Wednesday: What’s Hot on CanLII

Each Wednesday we tell you which three English-language cases and which French-language case have been the most viewed on CanLII and we give you a small sense of what the cases are about.

For the week of May 7 – 14:

  1. R. v. Duncan 2013 ONCJ 160

    5. At heart, Mr. Duncan’s case was unremarkable. A minor alleged Highway Traffic Act offence led to a police-citizen interaction in the parking lot of Mr. Duncan’s apartment building in the wee hours of the morning. A request that Mr. Duncan produce his licence led to an alleged refusal, which led to an attempt to arrest him, which led to a struggle, which was captured on a very poor quality video taken on a mobile phone, at the end of which Mr. Duncan found himself being placed under arrest for allegedly assaulting a police officer. Nothing unusual in all that. The bread and butter of provincial court.

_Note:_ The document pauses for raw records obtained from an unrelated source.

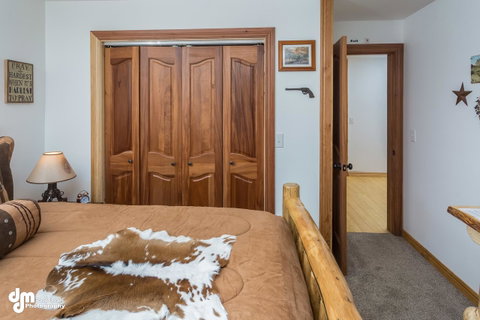 Alaska Knotty Pine B&B - Qld Realsetate 27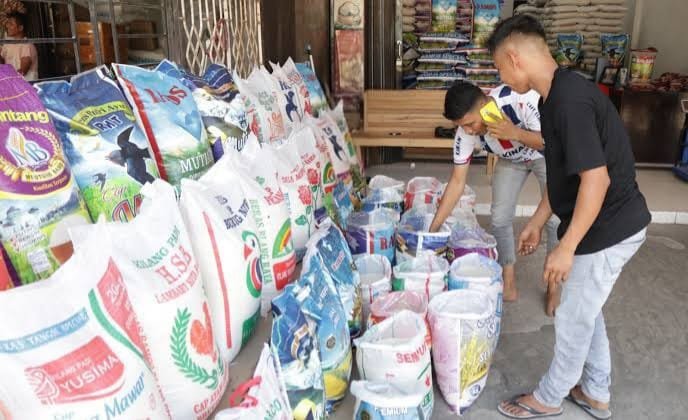 Pemilik Toko beras Boy Jaya di Pasar Induk Lambaro, Kecamatan Ingin Jaya, Aceh Besar, Senin (25/08/2025).FOTO/MC ACEH BESAR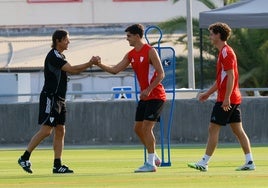 Juanlu se sigue entrenando con el Sevilla, a la espera del Nápoles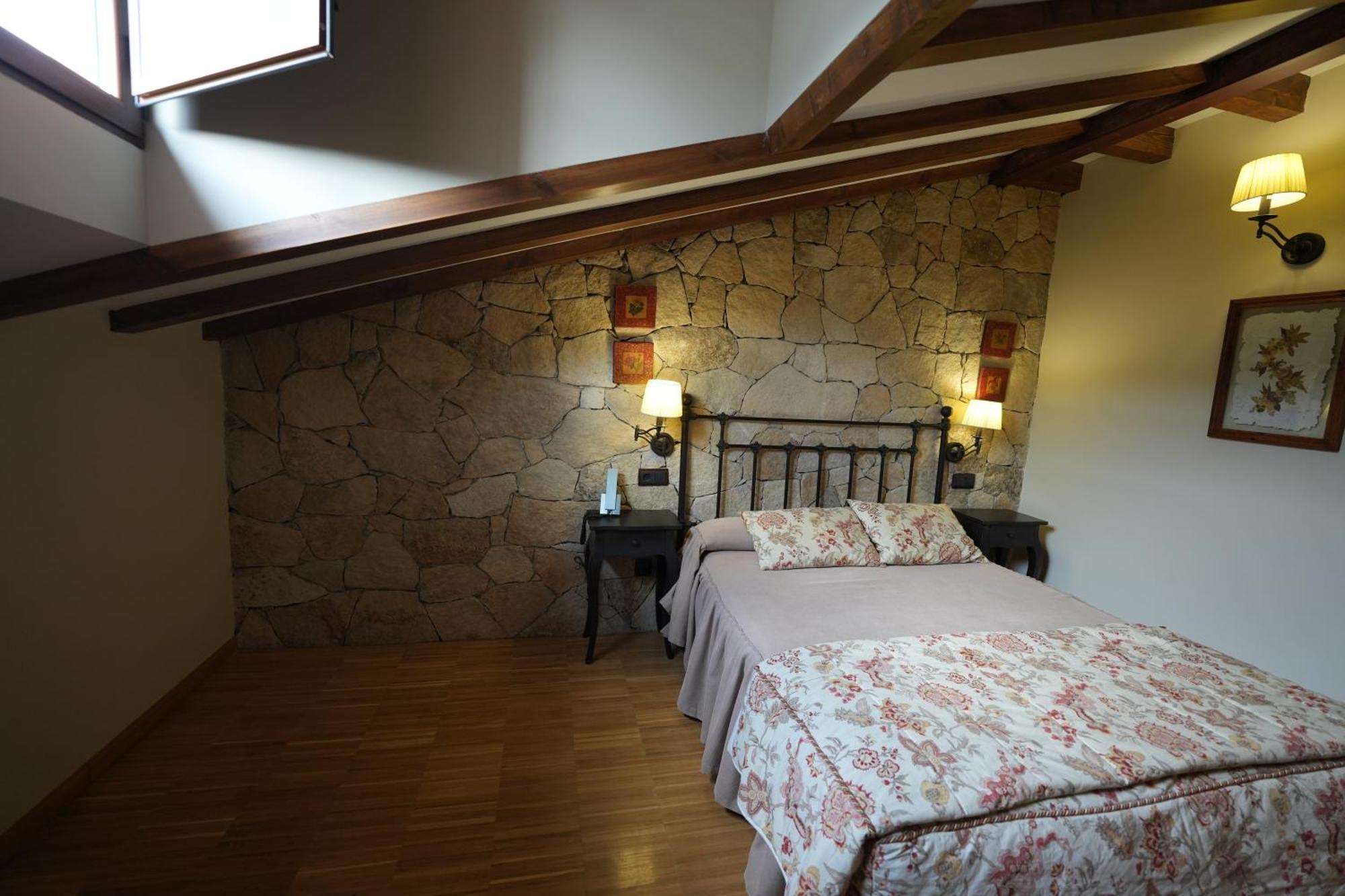 Hotel Rural Y Restaurante, Rinconcito De Gredos Cuevas Del Valle Екстериор снимка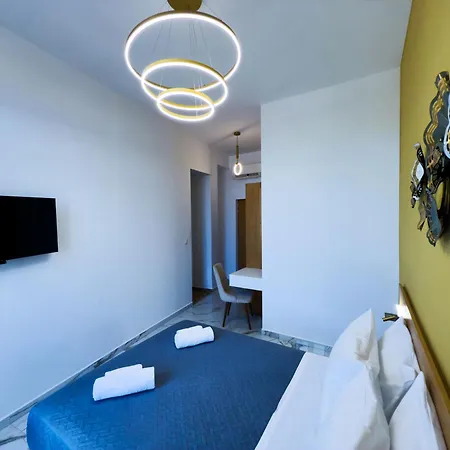 Deluxe Center 3* Chania (Crete)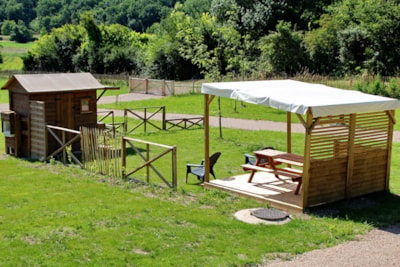 Package Premium (private bathroom and pergola / 1 car / electricity 10A / fridge)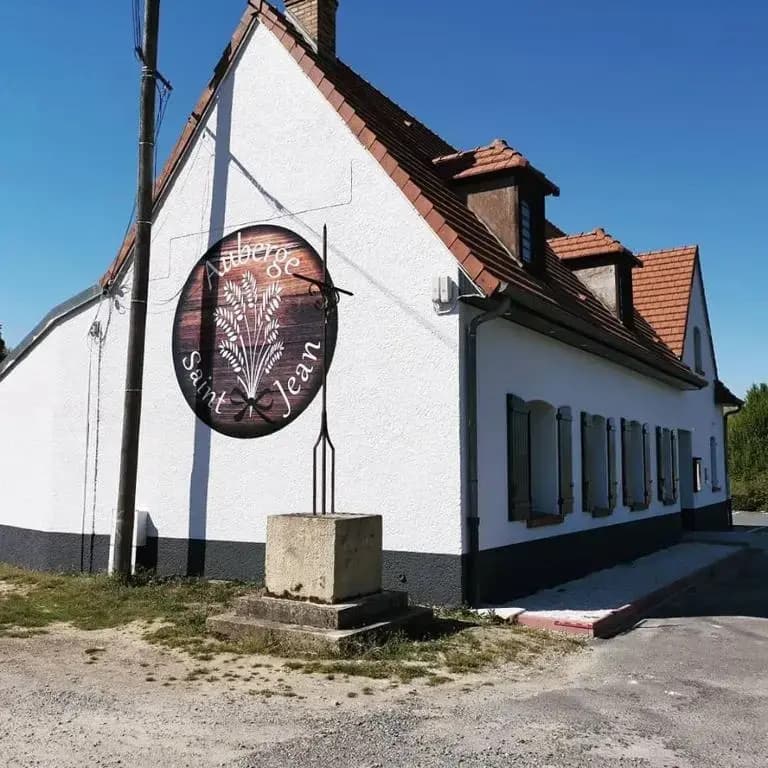 Auberge Saint-Jean - Photo 1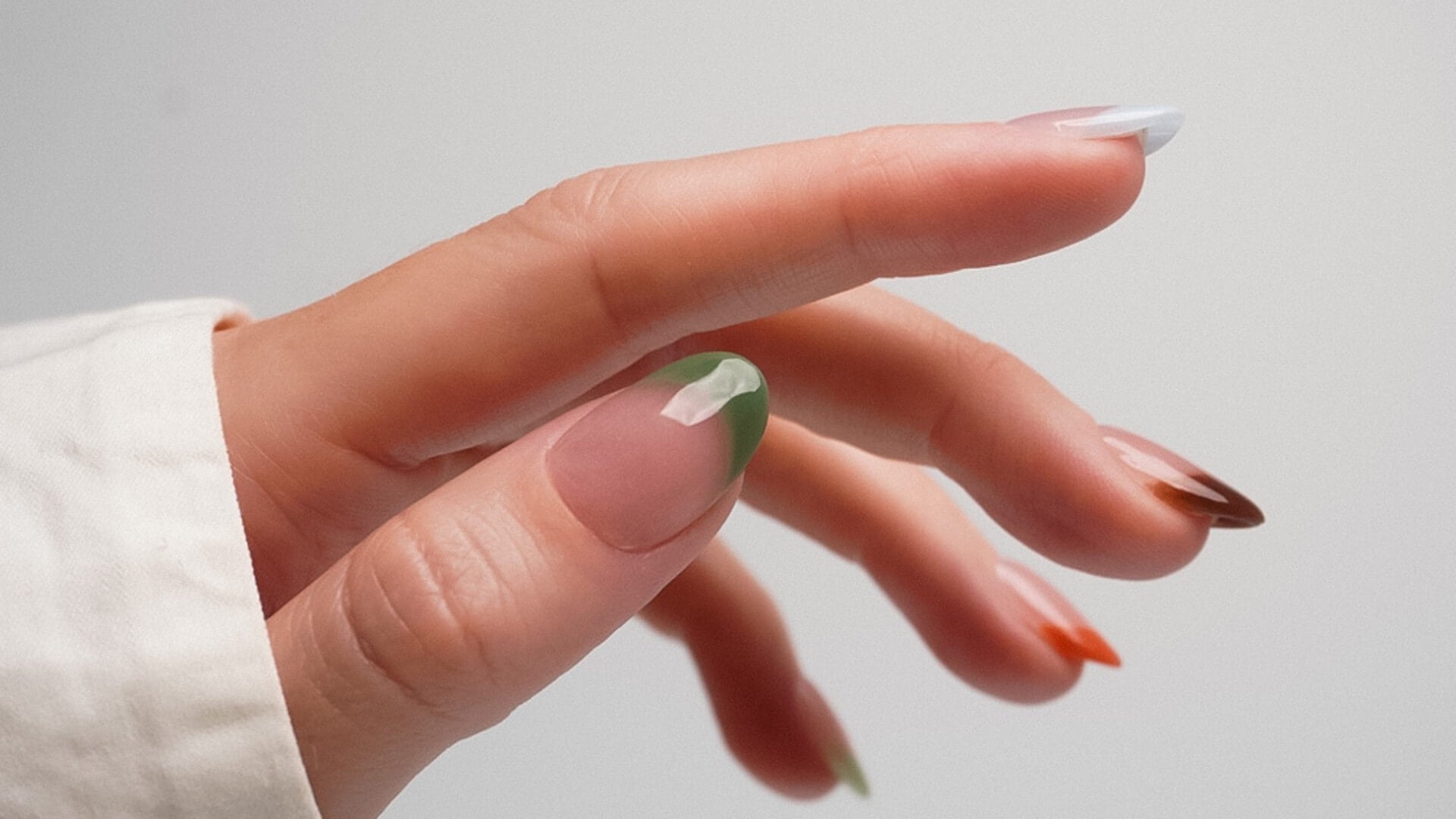 Journées fraîches, couleurs chaudes : Voici comment apporter l'automne jusqu'à tes ongles - Doonails France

  2. Heasley v. Labelle 2013 ONSC 2601

    1. The plaintiffs consist of an elderly grandmother, who is 89 years of age named Olive Heasley, and her daughter and granddaughter who have advanced claims under the Family Law Act. Ms. Heasley was struck by a school bus during her morning walk and lost a leg as a result of the accident. All three plaintiffs wish to be present during their discovery to give each other emotional support. The school bus was driven by D. Robert Labelle and owned by 417 Bus Line Limited.

  3. York Condominium Corporation v. Superior Energy Management 2013 ONSC 2615

    1. The Applicant is a condominium corporation. The Applicant has a property manager that carries out the day to day operations and maintenance of the condominium. The Respondent is a natural gas supplier. In May 2008 a representative of the property manager entered into a fixed-price contract with the Respondent for the supply of natural gas. Unlike regular corporations, where an employee or agent can contract on behalf of the corporation, condominium corporations cannot contract unless there is a resolution of the Board of Directors authorizing (or ratifying) the contract. In this case, the Applicant’s property manager had no authorization and the Board never ratified the fixed-price contract. This application seeks a declaration that the fixed-price contract was void. The Applicant also seeks consequential relief, including damages representing the difference between the price it paid under the fixed-price contract and the price it would have paid if it had entered into a contract with a different supplier.

The most-consulted French-language decision was Syndicat des travailleuses et travailleurs de ADF – CSN c. Syndicat des employés de Au Dragon forgé inc. 2013 QCCA 793

 [6]La justice naturelle oblige-t-elle la Commission des relations de travail, agissant dans le cadre d’une enquête régie par l’article 32 du Code du travailC.t. »)[1], à dévoiler à chacune des associations de salariés en cause l’identité des membres de l’autre, information qui est ordinairement considérée comme confidentielle en raison de l’article 36 C.t.? C’est la question principale que soulève le pourvoi. Dans un autre ordre d’idées, ce pourvoi s’intéresse également à la révision d’une décision de la Commission portant sur la conformité d’une adhésion syndicale aux dispositions qui, dans le Code civil du Québec, régissent la validité des consentements.